Since that first university course, I’ve come to realize, due to many trying programming circumstances I found myself in, what others may feel at times and how frustrating programming can be when something, some concept, doesn’t make a connection. It seems to me that a large part of the problem that beginning programmers have is related to the nuances of the language; omitting even the smallest detail or not being clear on a simple concept makes programming very challenging. Why, for example, do I keep getting a syntax error? My code seems correct, it looks very similar to the example code I checked it against, yet I keep getting the errors. After 15 or 30 or 60 minutes of testing, checking and rechecking, it dawns on me: I’ve left out the colon at the end of the if-then statement. This does happen.
I’m currently taking an introductory Python programming course online, Programming for Everybody, through the University of Michigan, with instructor Charles Severance. Recently I ran into another issue that may cause people frustration and dissuade them from continuing programming. I was writing a short program in Python which used division. However, no matter what I tried, the output of the program remained “incorrect”: it printed “0” every time. For example, when I divided 1 by 2, I should get 0.5. However, the output was always 0. The problem, as it turns out, was due to the default position in python 2.7 which uses floor division and returns an integer quotient when dividing by two integers. “[Python 2.x] does division in the “C” sense: an integer divided by an integer yields an integer, rounding down if needed” (Bradley Froehle).
The problem was solved only when I converted either the dividend or the divisor to a “float”. (Or by adding a line of code, “from __future__ import division”, which forced Python 2.x to use Python 3.x rules.) Here again, the nuance of the language and my misunderstanding of how Python 2.7 handled integer division caused problems. Had I clearly understand that or picked up that piece of information from the lectures or from the readings, I could have avoided the problem. Fortunately, Python 3.x defaults to decimal (float) answers when doing integer division, eliminating this issue for future programmers who will be using Python 3. But I learned this only after spending an hour trying and reading about the issue on the internet. For new programmers, this nuanced use of the language often causes frustration which leads them to give up on programming altogether. I’ve seen students with tears in their eyes due to their frustration, and it’s not a good feeling knowing that as a teacher, I didn’t do enough to teach, support and encourage students and guide them through some of these typical nuances.

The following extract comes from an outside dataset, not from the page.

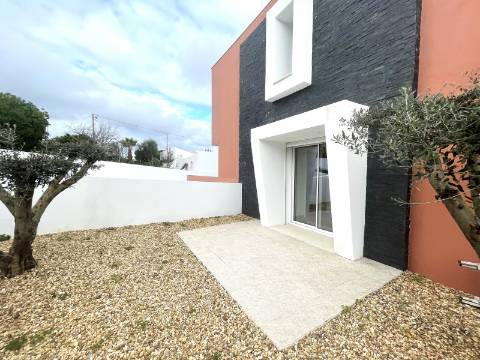 Moradia T3 em condomínio com piscina | Albufeira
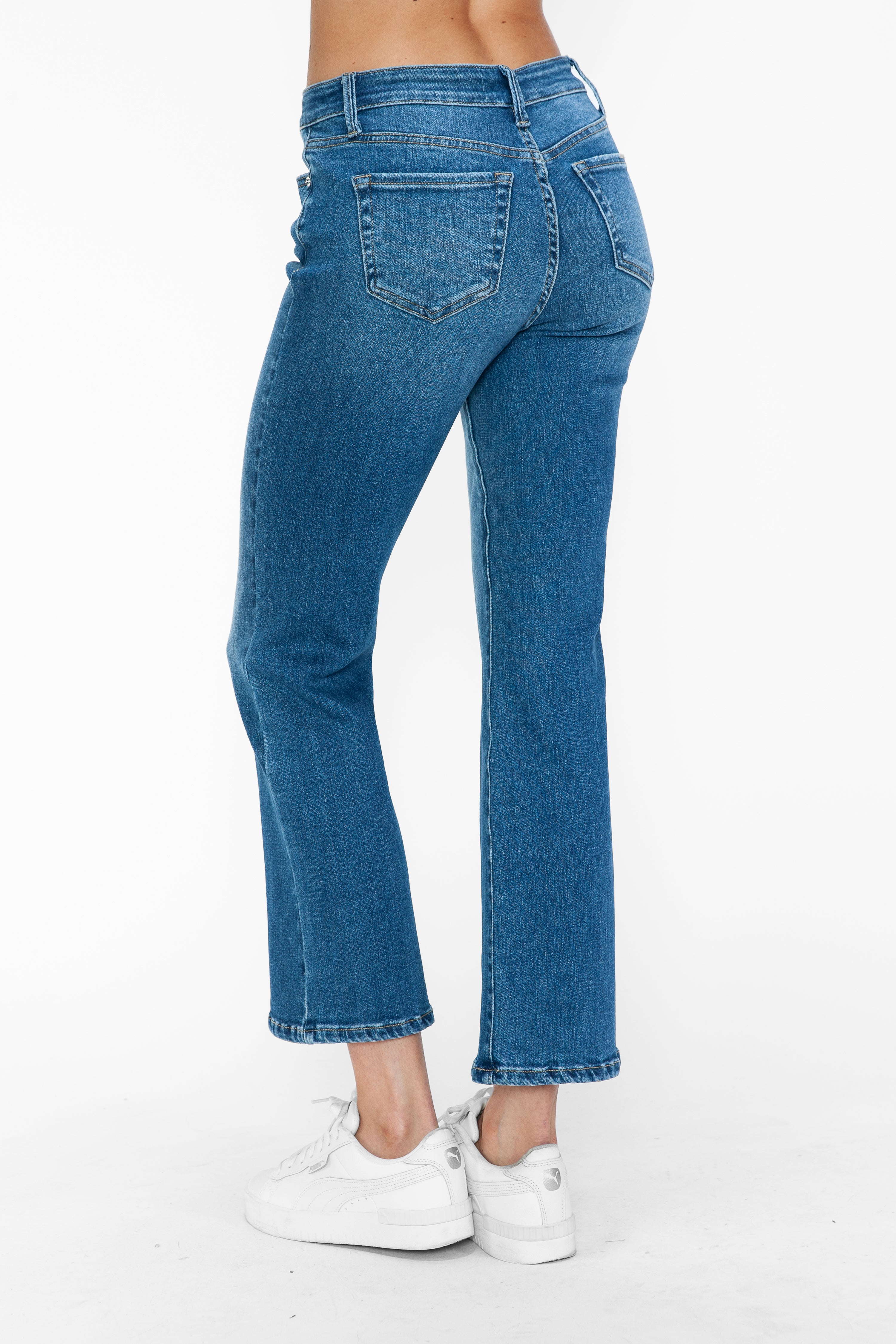 MID RISE ANKLE STRAIGHT LEG JEAN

Personally I have learned over the years that taking the time to become absolutely clear on the content, on the concepts, and on the syntax helped me or my students to overcome most hurdles. Even in university, I often needed to review my notes or textbook outside of class and work through problems one step at a time, making sure that I understood exactly how the examples work. Sometimes the pace of class is too fast to process all the information and quiet thinking time is required. I also found that notes or drawings really helped me to visualize the problem or the solution. Often working it out on paper visually brought as much satisfaction as writing the actual program itself, because programming is not just about the syntax of the language, but much more about the underlying solution to a particular problem. So, potential future programmers need to keep in mind that paying attention to detail is important. They have to understand the nuances of the language. Often times, something may seem simple, but if one doesn’t clearly understand the concept, problems may occur.
My advice would be to take it slow and easy: work out solutions by hand when necessary, visualize it, pay attention to detail, and move on only after each concept and its application is clearly understood.